L’Italia è stato uno dei primi paesi occidentali ad affrontare un impatto devastante del virus. Il primo caso ufficiale venne individuato nel paziente zero di Codogno, Mattia Maestri, mentre il primo decesso fu registrato il 21 febbraio 2020 con la morte di Adriano Trevisan a Vo’ Euganeo.

Nei giorni successivi, il Paese assistette a scene che rimarranno impresse nella memoria collettiva: ospedali al collasso, città deserte, striscioni con “andrà tutto bene” esposti sui balconi, mentre nelle province più colpite, come Bergamo, i camion dell’esercito trasportavano le bare delle vittime.

Con il Vaccine Day del 27 dicembre 2020, l’arrivo dei vaccini segnò l’inizio della campagna di immunizzazione di massa, accompagnata dall’introduzione del Green Pass, che portò a feroci polemiche e alla nascita di movimenti No-Vax. Il 31 marzo 2022 venne dichiarata la fine dello stato di emergenza in Italia, mentre il 5 maggio 2023 l’OMS decretò la conclusione della pandemia a livello globale.

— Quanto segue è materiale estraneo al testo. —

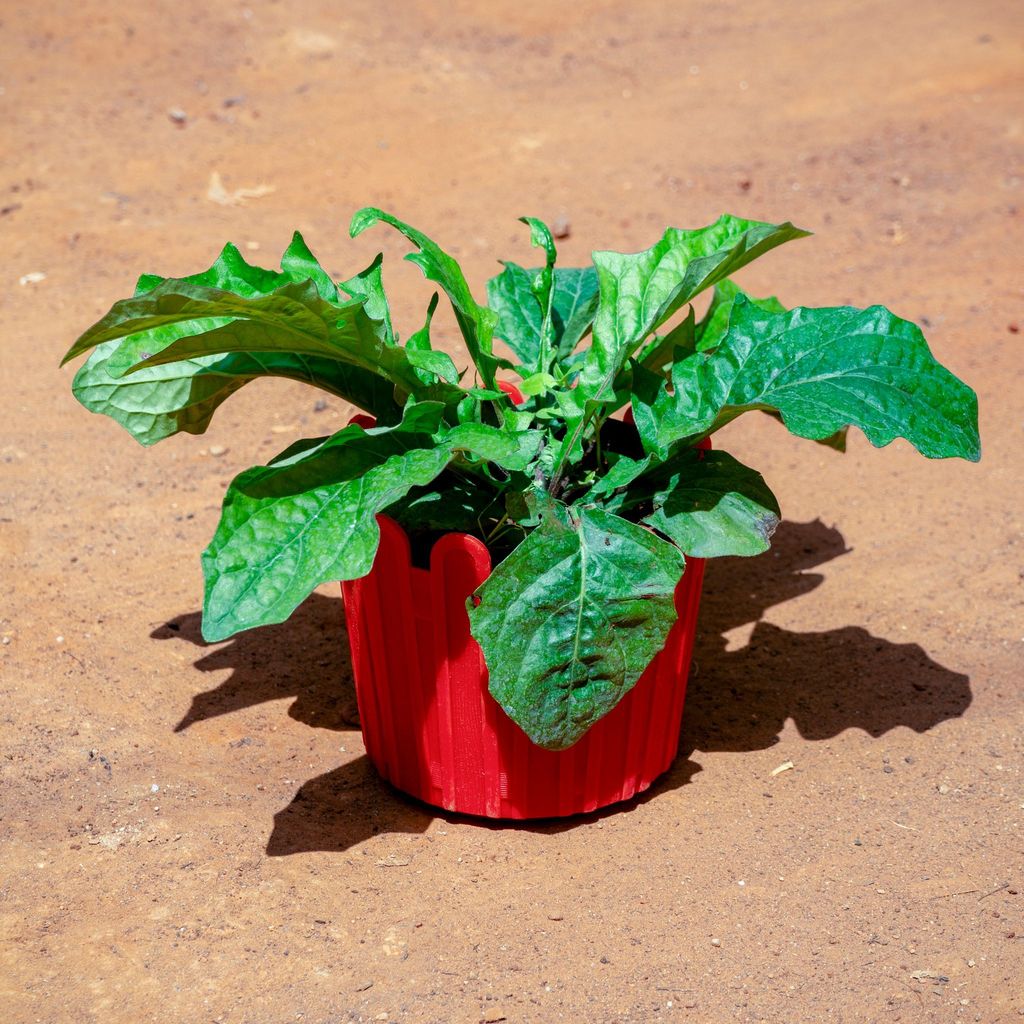 ATUL1342 - Gerbera (Any Colour) in 6 Inch Red Premium Tippy Plastic Pot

Il nuovo approccio alla gestione delle pandemie

Cinque anni dopo il lockdown, il governo Meloni ha rivisto il piano pandemico nazionale, con l’introduzione di nuove regole che limitano l’uso di misure restrittive. I DPCM (Decreti del Presidente del Consiglio dei Ministri), usati ampiamente durante il governo Conte per imporre limitazioni agli spostamenti e alle attività economiche, non saranno più utilizzati, sostituiti da una gestione più parlamentare dell’emergenza.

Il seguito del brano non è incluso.